We group time controls in the same way as on the site. Ratings across speed groups are considered completely seperate for our purposes.

def speed(time_control):
    if time_control == "-":
        return "correspondence"
    time, inc = time_control.split("+", 1)
    estimate = int(time) + int(inc) * 40
    if estimate < 30:
        return "ultra"
    elif estimate < 180:
        return "bullet"
    elif estimate < 480:
        return "blitz"
    elif estimate < 1500:
        return "rapid"
    else:
        return "classical"

Glicko-2 implementation¶

Downloaded from https://code.google.com/archive/p/pyglicko2/ which is linked from http://www.glicko.net/glicko.html.

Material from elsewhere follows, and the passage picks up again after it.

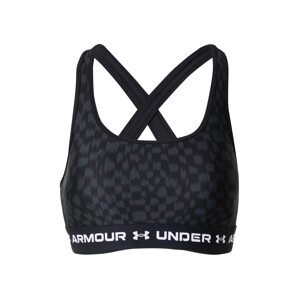 UNDER ARMOUR Sportmelltartók  sötétszürke / fekete / fehér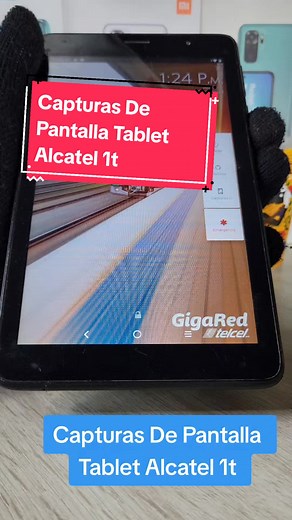 Capturas de Pantalla Tablet Alcatel 1t: Tutorial completo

Patched for a bug with x1 == x2 float comparison without threshold and to allow fractional rating periods.

import glicko2

class Glicko2:
    def __init__(self, rating=1500, rd=350, volatility=0.06, timestamp=None, games=0):
        self.rating = rating
        self.rd = rd
        self.volatility = volatility
        self.timestamp = timestamp
        self.games = games
    
    def _player(self):
        return glicko2.Player(self.rating, self.rd, self.volatility)
    
    def at(self, timestamp):
        player = self._player()
        periods = 0
        if self.timestamp is not None:
            periods = (timestamp - self.timestamp) * 0.21436 / (24 * 60 * 60)
        player._preRatingRD(periods=periods)
        return Glicko2(
            rating=max(self.rating, 600),
            rd=min(player.rd, 350),
            volatility=min(self.volatility, 0.1),
            timestamp=timestamp,
            games=self.games
        )
    
    def after(self, other, result, timestamp, advantage=0):
        us = self.at(timestamp)._player()
        them = other.at(timestamp)
        us.update_player([them.rating - advantage], [them.rd], [result], periods=0)
        return Glicko2(
            rating=us.rating,
            rd=us.rd,
            volatility=us.vol,
            timestamp=timestamp,
            games=self.games + 1
        )
    
    def expected(self, other, timestamp, advantage=0):
        us = self.at(timestamp)
        them = other.at(timestamp)
        return us._player()._E((them.rating - advantage - 1500) / 173.7178, them.rd / 173.7178)
    
    def __repr__(self):
        return f"Glicko2(rating={self.rating}, rd={self.rd}, volatility={self.volatility}, ..., games={self.games})"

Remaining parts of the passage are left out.